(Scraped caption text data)
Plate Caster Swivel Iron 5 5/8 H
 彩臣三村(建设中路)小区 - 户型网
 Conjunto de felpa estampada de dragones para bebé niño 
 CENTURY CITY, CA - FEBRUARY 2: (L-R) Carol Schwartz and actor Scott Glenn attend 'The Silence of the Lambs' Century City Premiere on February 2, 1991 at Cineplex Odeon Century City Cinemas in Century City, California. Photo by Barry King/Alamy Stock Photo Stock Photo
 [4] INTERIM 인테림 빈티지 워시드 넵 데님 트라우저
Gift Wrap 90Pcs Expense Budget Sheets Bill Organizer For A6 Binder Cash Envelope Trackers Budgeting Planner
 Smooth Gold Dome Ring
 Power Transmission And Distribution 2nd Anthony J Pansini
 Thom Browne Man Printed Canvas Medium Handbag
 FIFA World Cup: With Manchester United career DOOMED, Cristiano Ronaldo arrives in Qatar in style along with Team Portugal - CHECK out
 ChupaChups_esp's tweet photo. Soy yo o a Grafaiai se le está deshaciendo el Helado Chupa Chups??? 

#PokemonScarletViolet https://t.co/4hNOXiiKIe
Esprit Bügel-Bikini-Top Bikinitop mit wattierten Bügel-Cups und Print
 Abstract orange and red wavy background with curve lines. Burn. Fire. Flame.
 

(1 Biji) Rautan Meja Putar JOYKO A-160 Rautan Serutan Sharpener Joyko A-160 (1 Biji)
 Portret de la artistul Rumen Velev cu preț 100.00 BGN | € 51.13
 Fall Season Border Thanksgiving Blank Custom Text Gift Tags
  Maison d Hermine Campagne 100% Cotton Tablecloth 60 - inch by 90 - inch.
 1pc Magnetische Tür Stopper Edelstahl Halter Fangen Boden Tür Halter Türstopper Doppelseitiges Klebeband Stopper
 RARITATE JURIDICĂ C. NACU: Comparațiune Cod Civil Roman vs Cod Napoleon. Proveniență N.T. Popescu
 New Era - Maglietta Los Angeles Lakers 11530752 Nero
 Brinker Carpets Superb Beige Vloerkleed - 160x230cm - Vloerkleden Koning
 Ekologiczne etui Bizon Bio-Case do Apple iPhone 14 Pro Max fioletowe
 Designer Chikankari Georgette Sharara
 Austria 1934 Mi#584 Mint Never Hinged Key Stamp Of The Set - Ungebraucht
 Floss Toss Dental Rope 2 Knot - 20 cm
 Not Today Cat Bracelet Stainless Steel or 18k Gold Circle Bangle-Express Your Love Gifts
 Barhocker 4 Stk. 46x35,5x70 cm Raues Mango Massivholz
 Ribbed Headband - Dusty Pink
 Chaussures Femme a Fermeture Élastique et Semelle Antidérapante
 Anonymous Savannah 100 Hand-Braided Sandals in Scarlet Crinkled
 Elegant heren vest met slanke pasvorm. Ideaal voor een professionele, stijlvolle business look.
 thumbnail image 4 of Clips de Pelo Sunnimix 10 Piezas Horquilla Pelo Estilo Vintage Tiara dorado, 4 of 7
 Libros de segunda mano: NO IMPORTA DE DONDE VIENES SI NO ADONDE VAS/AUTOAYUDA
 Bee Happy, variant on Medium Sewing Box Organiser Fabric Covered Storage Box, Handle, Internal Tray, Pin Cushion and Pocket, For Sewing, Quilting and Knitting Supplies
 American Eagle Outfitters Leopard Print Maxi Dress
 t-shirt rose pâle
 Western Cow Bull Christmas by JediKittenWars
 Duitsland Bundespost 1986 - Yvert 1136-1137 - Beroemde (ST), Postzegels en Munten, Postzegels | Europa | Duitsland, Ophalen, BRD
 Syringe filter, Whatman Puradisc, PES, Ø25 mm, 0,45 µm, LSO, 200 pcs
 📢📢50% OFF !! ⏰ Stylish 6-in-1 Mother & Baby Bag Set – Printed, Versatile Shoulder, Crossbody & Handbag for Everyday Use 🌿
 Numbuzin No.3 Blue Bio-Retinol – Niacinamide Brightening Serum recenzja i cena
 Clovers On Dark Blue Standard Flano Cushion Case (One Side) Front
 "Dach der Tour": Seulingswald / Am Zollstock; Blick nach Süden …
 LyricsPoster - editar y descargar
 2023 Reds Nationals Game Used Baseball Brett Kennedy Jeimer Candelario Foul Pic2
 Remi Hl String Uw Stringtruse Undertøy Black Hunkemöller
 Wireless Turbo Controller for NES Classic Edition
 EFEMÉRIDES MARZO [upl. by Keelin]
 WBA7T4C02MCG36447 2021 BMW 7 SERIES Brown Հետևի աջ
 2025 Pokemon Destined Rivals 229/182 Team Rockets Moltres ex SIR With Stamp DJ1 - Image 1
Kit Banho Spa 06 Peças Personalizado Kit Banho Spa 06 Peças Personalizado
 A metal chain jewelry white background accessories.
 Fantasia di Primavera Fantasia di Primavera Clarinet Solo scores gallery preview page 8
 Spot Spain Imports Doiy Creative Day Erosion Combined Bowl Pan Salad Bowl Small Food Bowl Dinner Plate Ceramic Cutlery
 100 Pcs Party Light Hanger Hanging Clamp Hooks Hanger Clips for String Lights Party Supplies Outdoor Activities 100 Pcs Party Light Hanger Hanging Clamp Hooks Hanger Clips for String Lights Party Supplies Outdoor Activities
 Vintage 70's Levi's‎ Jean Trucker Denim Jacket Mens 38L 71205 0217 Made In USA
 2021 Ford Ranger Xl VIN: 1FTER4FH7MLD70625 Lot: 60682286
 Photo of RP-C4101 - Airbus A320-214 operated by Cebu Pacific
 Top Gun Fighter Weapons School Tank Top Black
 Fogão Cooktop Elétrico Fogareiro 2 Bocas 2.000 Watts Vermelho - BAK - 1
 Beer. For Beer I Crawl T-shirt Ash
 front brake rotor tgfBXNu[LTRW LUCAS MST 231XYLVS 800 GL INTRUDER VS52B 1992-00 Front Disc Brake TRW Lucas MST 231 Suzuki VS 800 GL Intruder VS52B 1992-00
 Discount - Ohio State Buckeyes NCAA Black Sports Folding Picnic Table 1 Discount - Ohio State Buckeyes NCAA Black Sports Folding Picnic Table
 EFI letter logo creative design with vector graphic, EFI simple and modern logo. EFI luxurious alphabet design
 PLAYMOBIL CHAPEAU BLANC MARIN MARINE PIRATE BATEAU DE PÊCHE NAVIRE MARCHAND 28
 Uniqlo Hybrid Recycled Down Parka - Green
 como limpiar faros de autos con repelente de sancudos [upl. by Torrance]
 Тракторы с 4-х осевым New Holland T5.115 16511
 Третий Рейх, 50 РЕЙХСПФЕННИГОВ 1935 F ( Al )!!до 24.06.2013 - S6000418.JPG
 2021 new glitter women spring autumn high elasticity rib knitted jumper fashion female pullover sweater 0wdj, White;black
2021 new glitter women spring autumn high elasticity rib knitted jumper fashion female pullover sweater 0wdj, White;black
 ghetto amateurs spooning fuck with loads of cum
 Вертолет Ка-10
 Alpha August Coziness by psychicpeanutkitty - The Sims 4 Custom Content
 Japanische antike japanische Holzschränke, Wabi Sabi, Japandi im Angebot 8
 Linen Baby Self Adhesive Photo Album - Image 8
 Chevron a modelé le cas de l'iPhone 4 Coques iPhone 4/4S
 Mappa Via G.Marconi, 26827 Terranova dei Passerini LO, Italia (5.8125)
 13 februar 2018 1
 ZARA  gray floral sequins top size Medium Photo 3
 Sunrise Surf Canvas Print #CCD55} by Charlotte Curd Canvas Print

### EXERCISE DETAILS
Could you find every line in the records above that has the string "Clips" and copy it?

### COMPLETED EXERCISE
 thumbnail image 4 of Clips de Pelo Sunnimix 10 Piezas Horquilla Pelo Estilo Vintage Tiara dorado, 4 of 7
 100 Pcs Party Light Hanger Hanging Clamp Hooks Hanger Clips for String Lights Party Supplies Outdoor Activities 100 Pcs Party Light Hanger Hanging Clamp Hooks Hanger Clips for String Lights Party Supplies Outdoor Activities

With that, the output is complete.